Piano was always more of a general instrument for me. I never spent numerous
hours practicing piano alone. It was more a practical, fun thing. I played
four-hand music with my mother, which is a great memory — one of the most
fun things I have ever done — I used to play Mozart with her.
TM: It seems bizarre that the flute subculture should have this
nerdy/athletic edge to it, given that the repertoire for the instrument is
larger than that for almost anything but the piano, but flute pedagogy ends up
being limited to a tiny repertoire.
AW: When I talked earlier about regretting putting down the violin, it has
to do with repertoire, because I think that if I had spent half the hours that
I put into the flute into the violin, I could sit down and play quartets, and
for flute there just isn’t the chamber music. To be able to play in a
string quartet, that incredible repertoire, to be able to play loud and
low…one of my neighbor’s kids plays the violin, and has been
talking about wanting to play the flute, and I want to say “No! stick
with the violin!”
The orchestral experience as a wind player is very special, and probably
beats a violinist’s experience in the orchestra, generally speaking, but
in terms of being able to just go on and play — it’s more violin
music, for me.
TM: There are actually hundreds of quartets for flute and strings which are
now becoming available from state libraries….but until now it’s
To go back to southern New Hampshire, were you taking lessons in the Boston
AW: I started flute in the seventh grade, got into the New Hampshire Youth
Orchestra when I was in the ninth grade, and when I was a senior in high school
started going down to Boston on weekends to study with Lois Schafer, who was in
the BSO, and with Kathy Boyd, who was at New England Conservatory.

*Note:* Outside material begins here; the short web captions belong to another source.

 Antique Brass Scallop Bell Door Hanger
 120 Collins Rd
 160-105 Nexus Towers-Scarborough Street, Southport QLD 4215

I was in the
New England Conservatory Youth Chamber Orchestra, with Ben Zander.
TM: That must have been quite an experience. He is a charismatic guy.
AW: He would stand up and say “This is perhaps the most beautiful
moment in all of Western music”. He said that any number of times, in
many rehearsals, and he was right every time, I suppose.
TM: How did you decide that music was the thing, and that composition was
the direction that you wanted to go in?
AW: I did some composing in high school, was playing a lot of flute, and
focused on practicing. I also really loved my English classes, loved reading
and writing. I had some exposure to composition in high school – there was a
high school composer’s weekend festival at Boston University. You could
submit a piece, and they would play it. I wrote a song, to a poem by Edna St.
Vincent Millay, called The Fawn, and sent it in to that. I got to hear it, and
that got me going, a bit. In the middle of sophomore year of high school I
started going to Philips Exeter Academy, as a day student, and Martin Amlin,
who is a pianist and composer, was teaching at Philips Exeter. I took some
piano lessons and some composition lessons with him.
In terms of taking composition seriously, it wasn’t until quite a bit
later, after I had graduated from college, and had realized that being a
flutist wasn’t exactly the life that I was looking for
TM: Were you already interested in contemporary music as a high school
AW: My flute teacher in high school, Doug Worthen, a terrific flutist and
flute teacher, had me play the Berio Sequenza — that kind of thing was a
big deal. I loved Copland in high school, a far cry from Berio….but
still, fairly recent music. When I think about composing taking root for me, it
was not so much connected to any particular composers as it was to being
excited about being able to write something down and hear it played.
TM: Were there genres that spoke to you outside classical music?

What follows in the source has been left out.